On January 29, the Bank of Japan (BOJ) announced a complicated program to pay different rates of interest on tranches of deposits that banks hold with the BOJ. Beyond a certain point, any additional money deposited at the BOJ will earn a negative rate of interest. Financial markets quickly reacted positively: Real bond yields fell, the yen fell, and stock prices rose. But much of these gains were erased in subsequent days, probably because markets came to believe the effects of the new policy would be small. Worryingly, the nominal bond yield fell further even as the real yield rose. Ten-year inflation compensation is now only 0.5 percent, a clear message that markets expect the BOJ to fail to deliver 2 percent inflation. Other measures of expected inflation are also turning down.

A shift from 0.1 to -0.1 percent on a small fraction of BOJ deposits is a tiny move. In Switzerland, where deflation also has been a problem, banks face a -0.75 percent interest rate on additional deposits at the central bank, and even larger negative rates may be possible. The BOJ should move to -0.75 percent on future increases in deposits, while paying 0 percent on the current stock of deposits.

The BOJ's program of asset purchases since 2013 moved the best measure of core inflation (consumer prices excluding energy and fresh food) from nearly -1 percent to more than 1 percent. This is about two-thirds of the way to its goal of 2 percent, a tremendous achievement. But the BOJ cannot afford to make only tiny adjustments to its policies at this time. The effects of past yen depreciation are diminishing, and wages are not accelerating enough to sustain the current rate of core inflation, let alone push it higher.

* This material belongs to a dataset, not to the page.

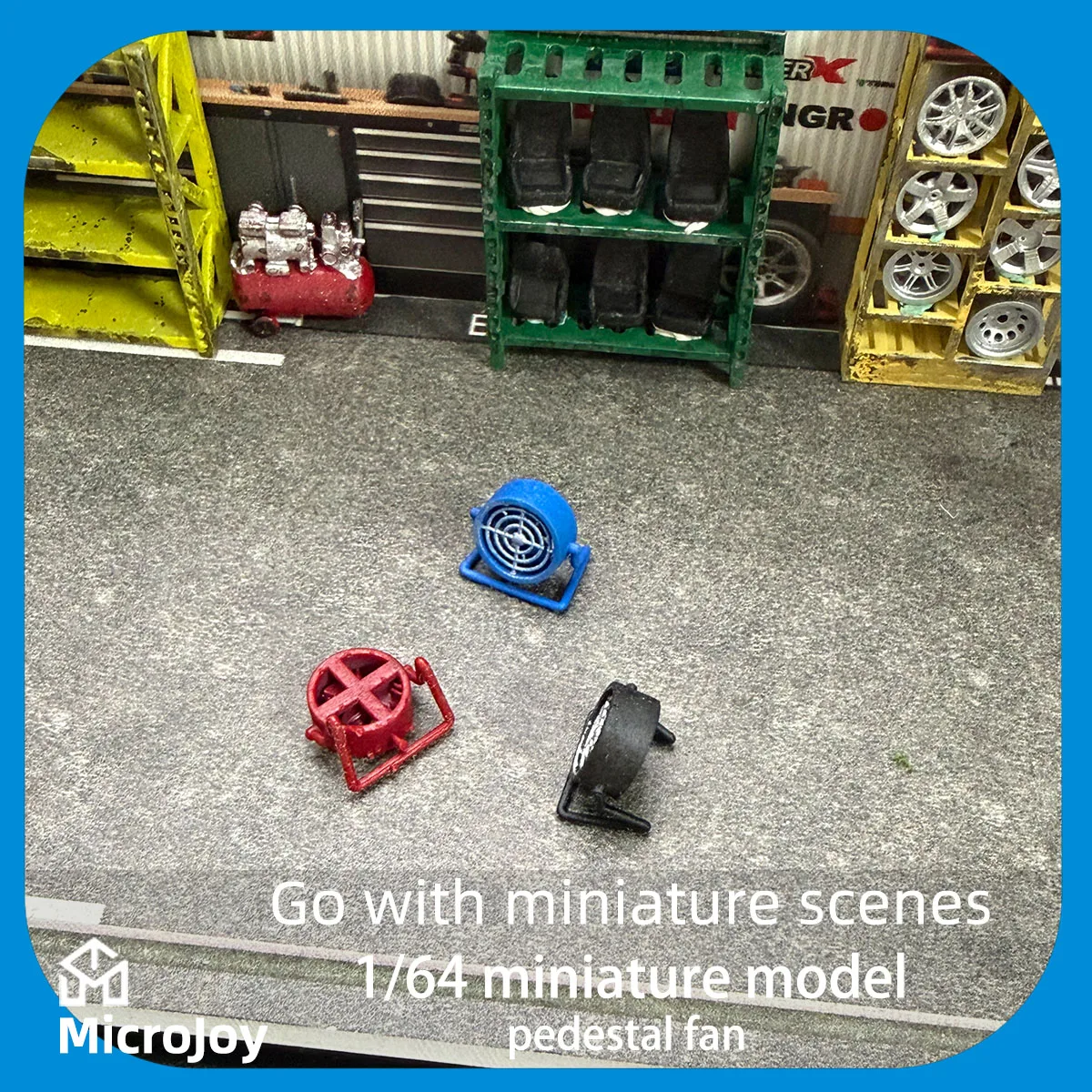 Detailed scene 1: 1:64 scale miniature model of a repair factory fan, mini floor-standing manual ornament, car model scene with distressed decoration, set of 2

The government of Prime Minister Shinzo Abe could help by raising the salaries of public workers and taking other measures to increase wages recently recommended by Olivier Blanchard and Adam Posenin the Nikkei Asian Review. But the BOJ should not make inaction by the government an excuse for its own passivity. In the end, maintaining stable inflation is the job of the central bank.

It is absolutely critical to get a strong increase in this spring's wage negotiations. The BOJ needs to make a convincingly bold move now. In addition to lowering its deposit rate to -0.75 percent, the BOJ should step up purchases of equities to 50 trillion yen, about 10 percent of the market, for at least one year, and longer if needed to firmly anchor inflation at 2 percent.

Equity purchases should be directed toward all shares trading in Japan in proportion to their market capitalization. Alternatively, the BOJ may continue to buy exchange-traded funds (ETFs) based on the broadest available market indexes. ETFs are open-ended and thus grow automatically in response to market demand. The point of the program is not to pick winners and losers, but to raise equity values and household wealth broadly. This will encourage consumption and investment in Japan, putting upward pressure on inflation.

The paradox of quantitative easing in the past seven years is that central banks that were slowest to engage in it at first (the BOJ and the European Central Bank) are being forced to do more of it later than those central banks that embraced it earlier (the Bank of England and the Federal Reserve). If the BOJ does not move boldly now, it will have to do even more later.